I have just begun to listen to Monteverdi's complete madrigals. So I too have been looking for the Italian text with English translations. The Chandos/Naxos booklets include the parallel texts.

Here is Book VIII:

https://www.chandos.net/chanimages/Booklets/NX3755.pdf


----------



## JosefinaHW (Nov 21, 2015)

Monteverdi Book of Madrigals, Italian and English translations are included in the booklets included in the Naxos recordings of these works.

I will post the links as they exist now, but I will also include the Naxos CD number so that if the links no longer work you will know in which CD to find the texts and parallel English translation.

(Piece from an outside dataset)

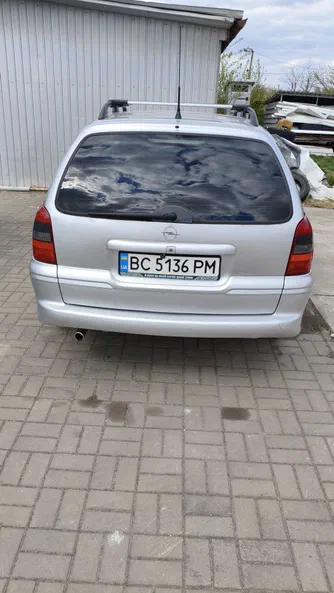 Opel Vectra 2000 - 3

Book I: Naxos: Early Music, 8.555307, "Claudio Monteverdi, Madrigals Book 1, Delitiae Musicae, Marco Longhini"
https://www.chandos.net/chanimages/Booklets/NA5307.pdf

Book 2: Naxos: Early Music, 8.555308, "Claudio Monteverdi, Madrigals Books 2, Delitiae Musicae, Marco Longhini"
https://www.chandos.net/chanimages/Booklets/NA5308.pdf

Book 3: Ibid, 8.555309 Ibid.
https://www.chandos.net/chanimages/Booklets/NA5309.pdf

Book 4: Ibid, 8.555310, Ibid
https://www.chandos.net/chanimages/Booklets/NA5310.pdf

Book 5: Ibid, 8.555311, Ibid
https://www.chandos.net/chanimages/Booklets/NA5311.pdf

Book 6: Ibid, 2 CDs 8.555312-13, Ibid
https://www.chandos.net/chanimages/Booklets/NA5312.pdf

Book 7: Ibid, 3 CDs 8.555314-16, Ibid
https://www.chandos.net/chanimages/Booklets/NA5314.pdf

Book 8: Ibid, 4 CDs 8.573755-58***, NB the pattern of CD ID has changed
https://www.chandos.net/chanimages/Booklets/NX3755.pdf

Book 9: _Scherzi Musicali_, 8.555318
https://www.chandos.net/chanimages/Booklets/NA5318.pdf


----------